Chapter 7: Visualizing and Reporting Petabytes of Data

In this chapter, we will cover how to visualize data and create reports using Power BI. You will be learning how to develop reports within a Synapse workspace and link Power BI to an existing dataset.

You will also learn something very interesting – how to integrate existing Power BI reports into the Synapse workspace and visualize the data in the same place without any difficulty.

Apart from this, you will also learn performance best practices for developing your Power BI reports with a very large dataset.

We will be covering the following recipes:

  • Combining Power BI and a serverless SQL pool
  • Working on a composite model
  • Using materialized views to improve performance

Combining Power BI and aserverless SQL pool

Azure Synapse Studio gives you the flexibility to connect to the Power BI workspace and provides you with seamless integration between data sources and reports. You can work within the Synapse workspace to create Power BI reports independently in the Power BI service.

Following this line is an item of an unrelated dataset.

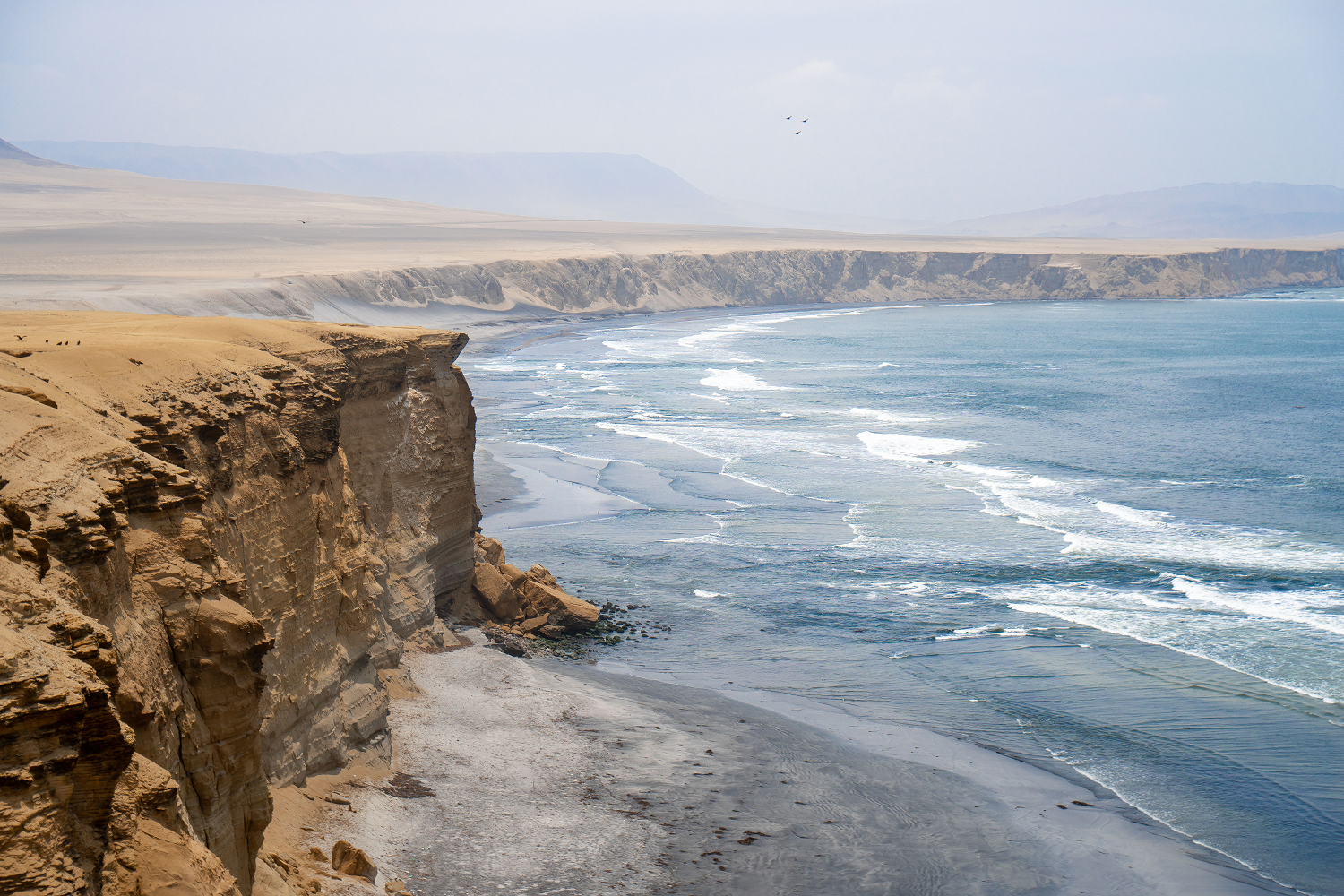 Paracas, Peru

You have the flexibility to combine multiple data sources to create a single Power BI dataset. This helps you to analyze disparate data sources and create insight by referring to a single data model. We refer to this as a Power BI linked service.

Getting ready

We will be using the same Synapse workspace that we have used throughout the book for this recipe.

The prerequisites for this recipe are as follows:

  • Make sure you have Power BI Desktop downloaded and installed. You can download it from this link: https://www.microsoft.com/en-in/download/details.aspx?id=58494.
  • You need to have a Power BI Pro license to develop reports and get all the benefits of Power BI features.
  • We will be using the BoxOfficeMojo dataset.

How to do it…

Let's begin this recipe and see how we can bring the Power BI service into the Synapse workspace and leverage it for creating reports.

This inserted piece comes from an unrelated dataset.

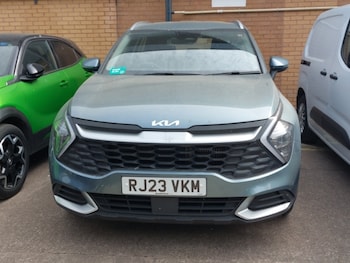 Used Kia Sportage 2023 for sale - 79242434: Photo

You need to link the Power BI service to the existing Synapse workspace:

  1. Go to the Home tab on the Synapse Studio portal and click the Visualize tab to create a Power BI linked service, as shown in Figure 7.1:
Figure 7.1 – Create a Power BI linked service

Figure 7.1 – Create a Power BI linked service

  1. You can now get the option blade to provide the details that are required to create the Power BI linked service for the Synapse workspace. Please fill in all the details, as shown in Figure 7.2. You need to sign in to the Power BI account to get the Power BI Tenant and Workspace name details:
Figure 7.2 – Choose the name of your linked service

Figure 7.2 – Choose the name of your linked service

  1. Go to the Manage tab in Synapse Studio and publish the Power BI linked service name PowerBIWkSynapsebook under Linked services, as shown in Figure 7.3:
Figure 7.3 – Manage the linked service

Figure 7.3 – Manage the linked service

  1. Finally, you need to click on the Publish all button at the top to publish the Power BI linked service, as shown in Figure 7.4:
Figure 7.4 – Publishing the linked service

Figure 7.4 – Publishing the linked service

Now, how does it work?

How it works…

The Power BI linked service will link to the Synapse workspace, which gives you the ability to work directly and access the existing Power BI reports within Synapse Studio.

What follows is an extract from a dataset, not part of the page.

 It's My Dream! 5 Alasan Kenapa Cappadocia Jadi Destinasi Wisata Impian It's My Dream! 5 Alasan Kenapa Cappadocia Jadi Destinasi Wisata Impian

Go to the Develop tab, where you will be able to see the Power BI folder, which contains the PowerBIWkSynapsebook Power BI workspace that we have created in this recipe, as shown in Figure 7.5:

Figure 7.5 – Navigating to Power BI Workspace

Figure 7.5 – Navigating to Power BI Workspace

You can see Power BI datasets and Power BI reports, and you can access the existing Power BI reports from the Synapse workspace directly.

In Figure 7.6, you can see that we have already an existing report name, BoxofficeMojo, in the Power BI workspace. You can access it in Synapse Studio. You can even edit the existing report and directly save it from Synapse Studio:

Figure 7.6 – Accessing the existing Power BI report

Figure 7.6 – Accessing the existing Power BI report

You can now even create a Power BI report using the SQL pool dataset and visualize it; you need to build the Power BI dataset and connect it to the Synapse pool.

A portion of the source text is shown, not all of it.